The Palaeoartist’s Handbook by Mark Witton

I am not an artist.

I wish I were.

Books such as these feed my frustration level immensely – and increase my appreciation for both the ability and techniques of those who produce such art, and the research and development which goes into creating it.

Not an ‘art book’ alone, the Handbook (while it describes some purely artistic techniques) concentrates more on the how and why of developing paleoart. Historically, palaeoart has attracted some remarkable artists, and as theories and discoveries have been made it is unfortunate that many have been left behind in the shifting sands of accuracy. Unfortunate, but important in their own way, if for no other reason that to illustrate (yes, pun) the difficulties of a demanding and rewarding field.

Most of the book, though, deals with the practicalities. How to recreate a creature long gone from its skeleton – and deal with missing features with intelligent and informed guesswork. Using non-skeletal evidence such as trackways which hint as more details, and how to extrapolate final appearance when muscles and bulk are added. I found the section on how underlying bone can indicate skin type (crocodile snout, for example, has a rough texture linked to its ‘cracked skin/scale’ facial covering). In fact, this book contains a lot of interesting bits I’d like to have read more detail about.

Rather than go over ‘how to paint a leaf’, it delves into how to give the feeling of being there.

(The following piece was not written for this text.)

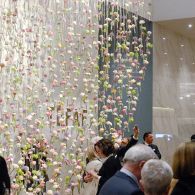 Vandaag opende de Tefaf, de kunstbeurs waarbij je door een museum loopt waar alles te koop is. Het is een museum waar andere musea hun inventaris halen. En natuurlijk de particulieren [&hellip;]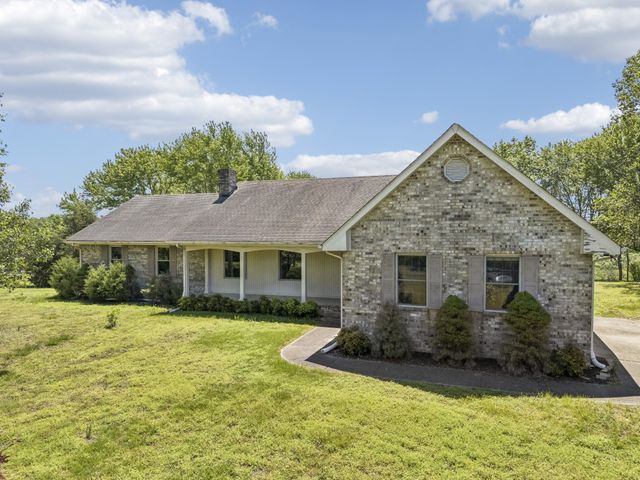 1690 Lawrence Ln, Springfield, TN 37172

How to hint at a likely setting using plant fossils and climatology, how to give a feeling of scale, how to select likely colouring, and extrapolation of likely behaviours.

aIt is a very good, general, introduction to paleoart which, I think, can only help give a greater understanding of how much work goes into it before pencil is lad to paper – or computer is turned on, for those working digitally.

The problem with this book is that it could easily have covered everything in more depth (plants? insects? fish? general wierdies?), at which point it would have become a) unaffordable and b) required a heavy lifting warning . . . but I don’t regret its purchase for an instant.


1 thought on “The Palaeoartist’s Handbook by Mark Witton”

  1. I would now like to read this from the scientific point of view- I don’t even bother to wish I could ‘art any more! . Great review.